Un par de horas más tarde, el diablo volvió a aparecer, vestido de rata, de nuevo. Esta vez bastó un escobazo para reventarle la cabeza y esparcir sus sesos por la baldosa.

El mal no da tregua, pero el Barón persiste en mantenerse firme en el lado luminoso. Es más, cree que todo esto es una señal del destino, porque ayer le fue comunicada la grata noticia de que a su gran amigo, el Duque de Saint-Ouen (que, por cierto, acaba de reestrenar blog), le van a publicar su recién finalizada novela Musofobia.

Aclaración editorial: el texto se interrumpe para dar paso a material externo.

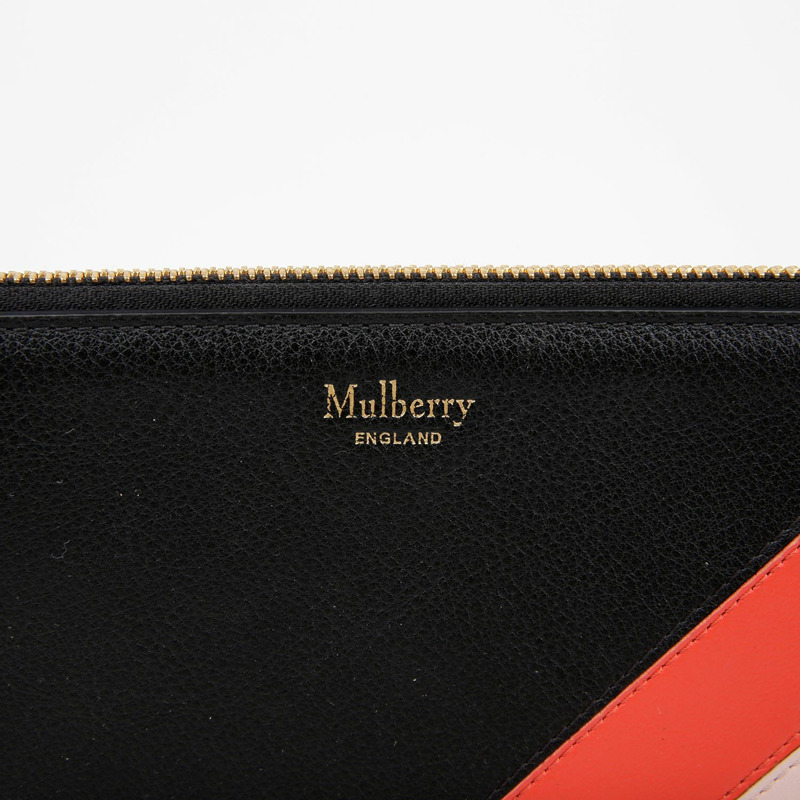 MULBERRY 技術型手拿包-2
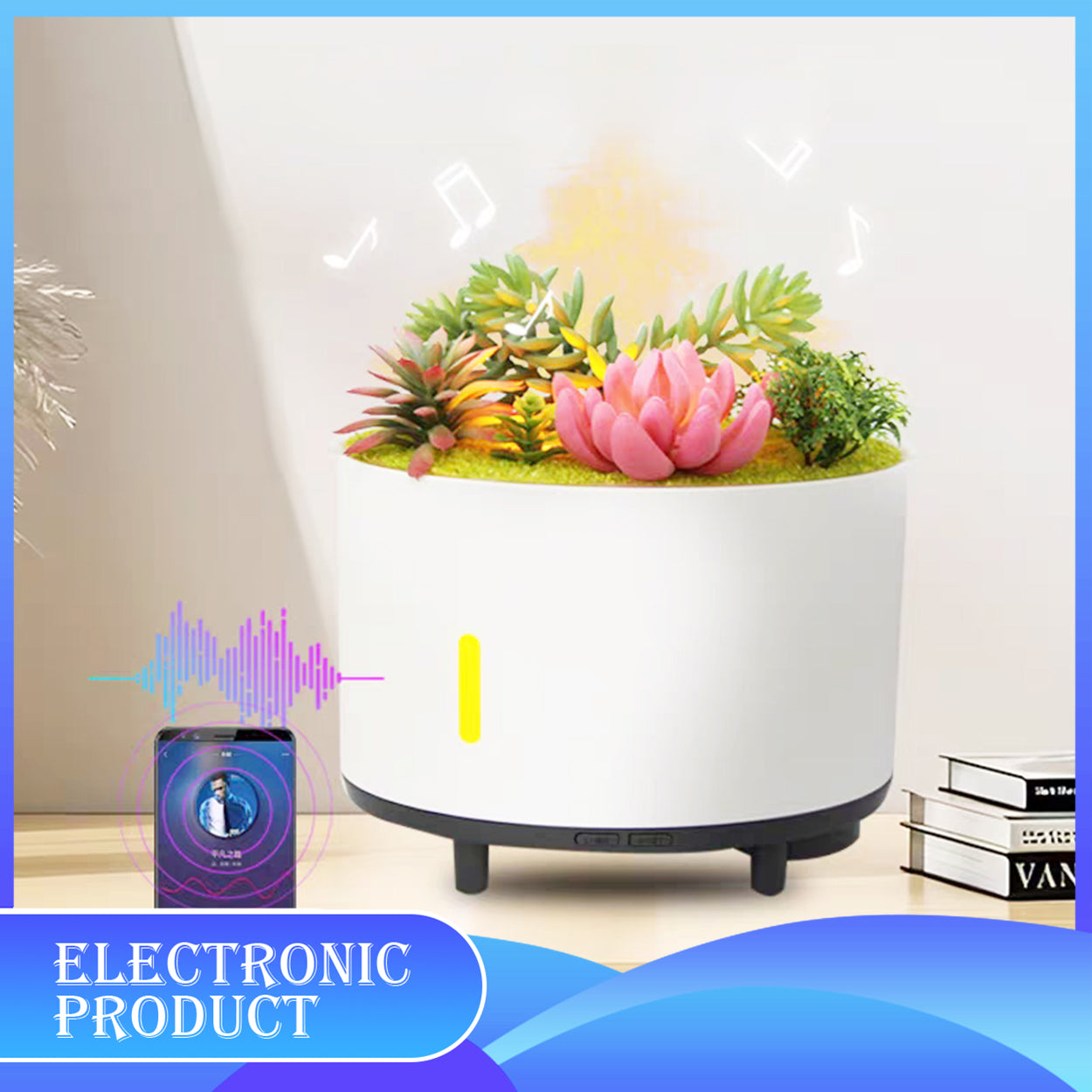 Cool Mist Humidifier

Arriesgándome a ser recriminado por él, reproduzco el comienzo de la misma: "No es mi imaginación: hay un ratón en la casa". Prometedor. El Barón le desea la mejor de las suertes. Mientras tanto, él velará por la salvación de la humanidad (o de una parte de ella).

domingo, 19 de agosto de 2007

Las nuevas ánimas

"El monte de las ánimas" es una famosa leyenda de Bécquer que el Barón leyó hace unos cuantos años, envuelto en sábanas protectoras y temores de colegial. De ella sólo recordaba un pañuelo manchado de sangre.

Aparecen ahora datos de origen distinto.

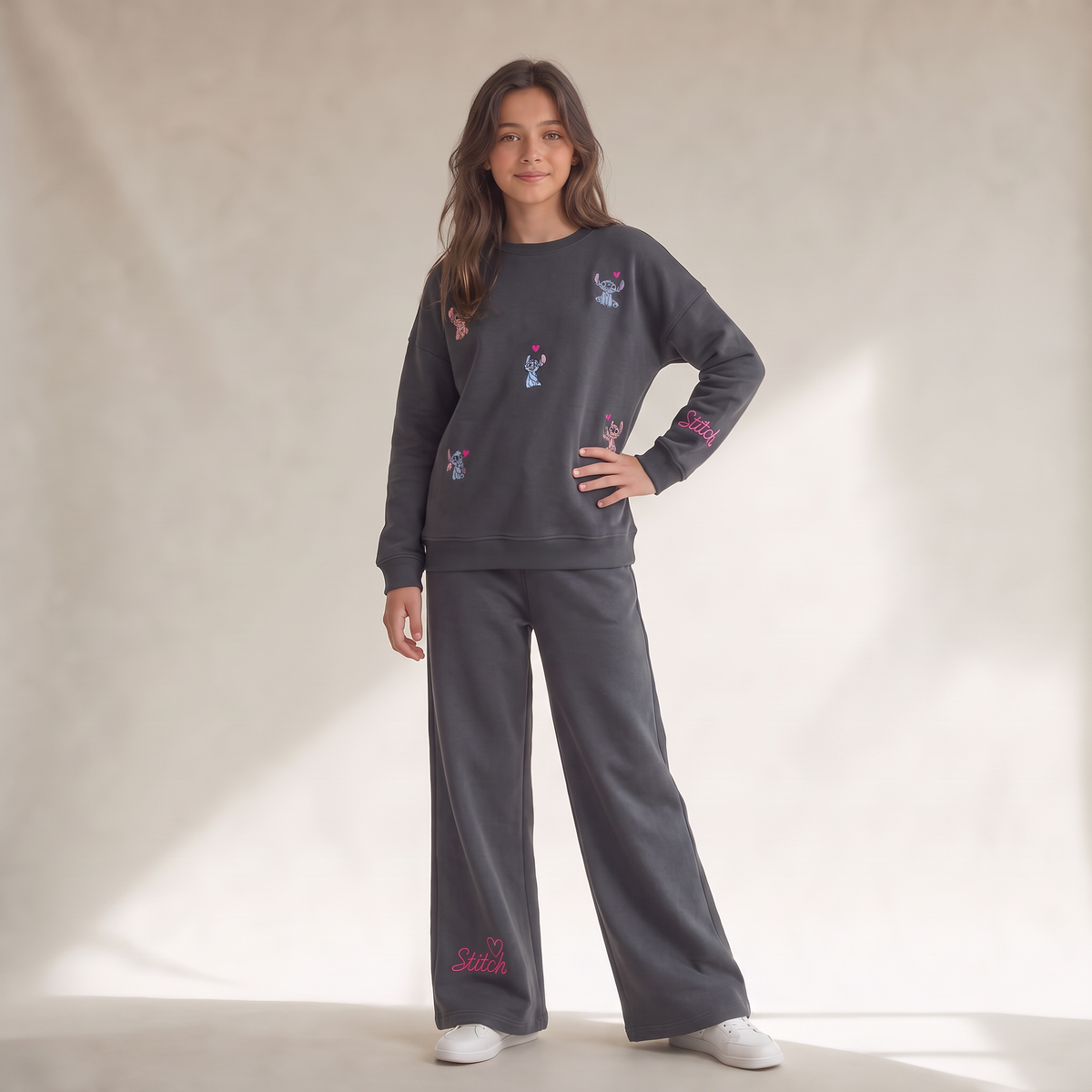 Winter girl pajama moana 3313-4313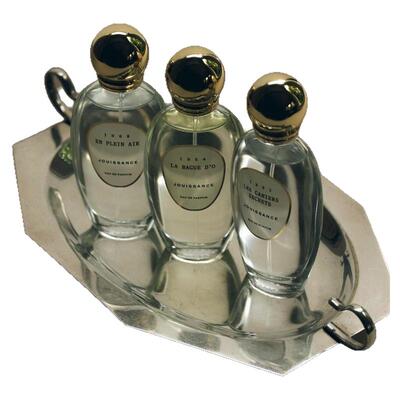 Jouissance香水分装试香小样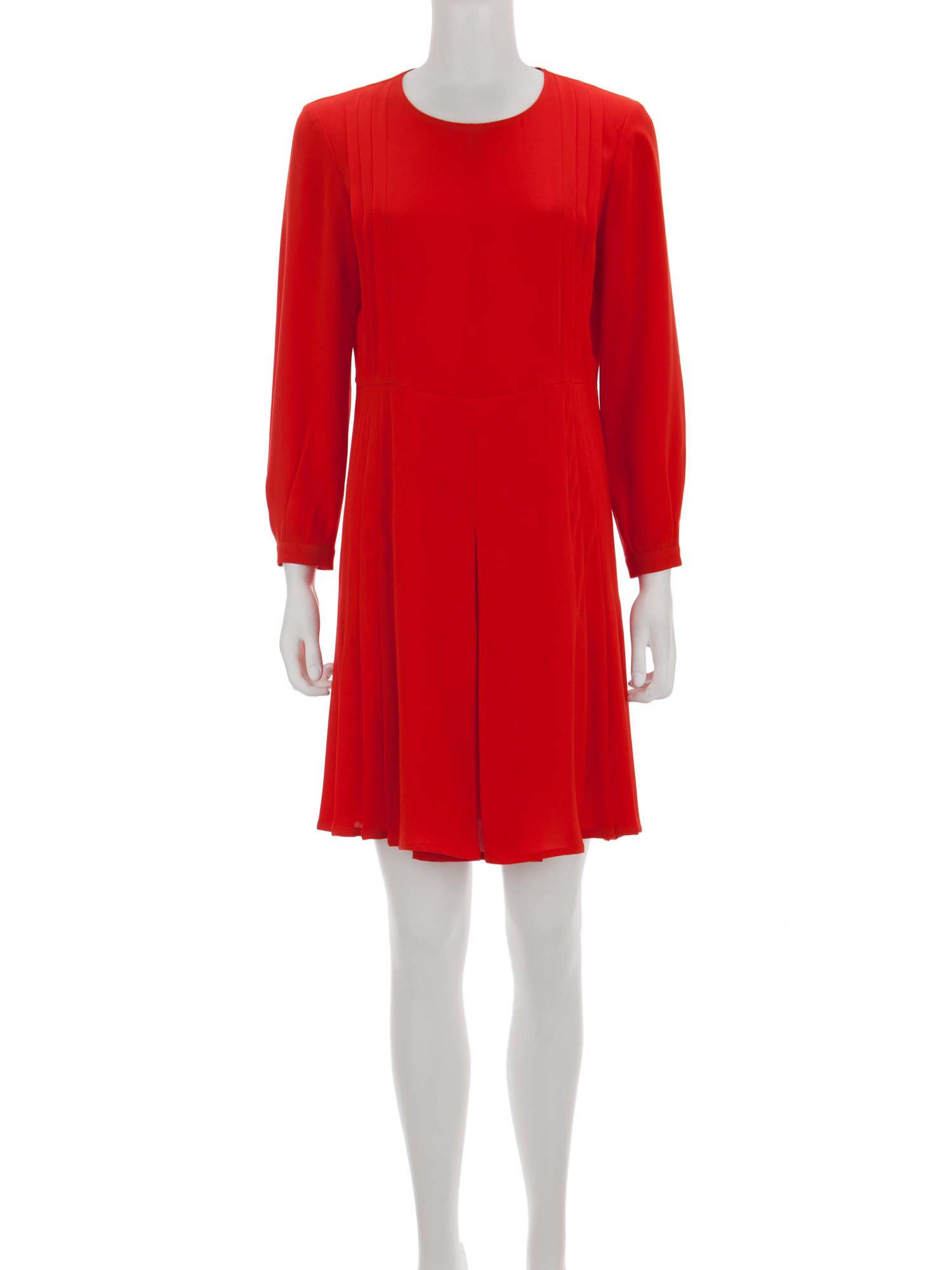 Bayan Kırmızı WEEKEND MAX MARA ELBİSE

Hace dos días, hospedándose el Barón en el Parador de Soria, y siguiendo su ingenua costumbre de acompañar sus viajes, cortos o largos, de lecturas relacionadas con el lugar visitado, releyó el relato antes de dormir. Revivió así las mismas sensaciones que entonces, pero con el añadido de hallarse justo enfrente del escenario en que Bécquer situó su leyenda: la colina que, del otro lado del Duero, se eleva sobre la ballesta machadiana, cubierta de una suave vegetación de matorral y coronada por los riscos calizos típicos de la zona.

El relato, para quien no lo recuerde o no lo haya leído, ambienta en dicho monte una fantasmal batalla, entre los espíritus de los templarios y los nobles de la ciudad, que se reproducía, cada Día de Difuntos, desde que había tenido lugar, en la Edad Media.

Habiendo apagado la luz, el Barón se irguió sobre la cama y se dirigió a la terraza, lentamente. Allí, enfrente, al otro lado del río, se erigía el Monte de las Ánimas, apenas recortado por una luna exigua. Y allí estaban las ánimas, en la cima, concentradas en una luz roja, en lo más alto de una torre de metal.

Pequeño romance del Barón y el Río

De entre todos los indicios

de la vida y su mudanza,

de cuanto ancla la memoria

al pasado si lo alcanza,

no es el invierno en Santiago,

que a su cita, sin tardanza,

acudirá puntual,

siempre igual. Ni la bonanza

estival, que allí no es si no

de las nubes y el sol danza.

Ni los cursos sucedidos,

ni la periódica holganza,

ni las fechas señaladas,

de tristeza o alabanza.

Es mi reunión anual,

con el rumor del Arlanza,

lo que da plena conciencia,

del tiempo, más la confianza

en volver dentro de un año,

es decir: me da esperanza.

miércoles, 1 de agosto de 2007

Donuts y ambigüedad

El final de Este libro te salvará la vida, de A. M. Homes, es un canto hiperbólico al mundo transmoderno. El Barón no lo revelará por si algún invitado o invitada se animara a leerlo.
Baste decir que la impresión que queda tras su lectura es la de que todos los elementos que aparecen tienen el mismo valor: los protagonistas son personas (algunas de ellas famosas: hasta aparece Bob Dylan), pero son también las casas (la mansión de Richard en Los Angeles, el chalet de Malibú) y los coches, los dos elementos clave de la cultura del éxito. El dinero de Richard hace que todo (casas, coches, famosos) esté a su alcance, y así es como su realidad se vuelve plana, carente de la profundidad que proporciona el esfuerzo de la conquista. Homes no lo dice, pero probablemente esta falta de profundidad es la que hace que un gran dolor se extienda por el cuerpo de Richard (así es como arranca el libro), y la que obliga a evacuar su mansión por una falla que crece y crece en el jardín.

Desorientado por su nueva situación, Richard se refugia en un pequeño bar de carretera, especializado en donuts (los hay de todo tipo, glaseados, de chocolate, rellenos...). Los donuts aparecen de repente y se convierten en el protagonista principal del libro. Representan, a juicio del Barón, la bajada a la tierra del millonario Richard, pero no una bajada compasiva (como si descubriese la sencillez de la vida cotidiana frente a los excesos del lujo), sino ácida e irónica (de su dieta rica en fibra Richard pasa a alimentarse, periódicamente, de donuts: el alimento de los pobres obesos yanquis). Homes hace aparecer ese descubrimiento como un milagro que ha salvado la vida de Richard (de ahí el título del libro), encarnado en Anhill, el dueño del establecimiento.

La metáfora que cierra la historia (no siga a partir de este momento quien quiera leer la novela) es desasosegante: Richard promoverá, acompañado de otros personajes, un establecimiento especializado en donuts y en comida dietética. Un ejemplo de la ambigüedad que atraviesa nuestro mundo tardocapitalista.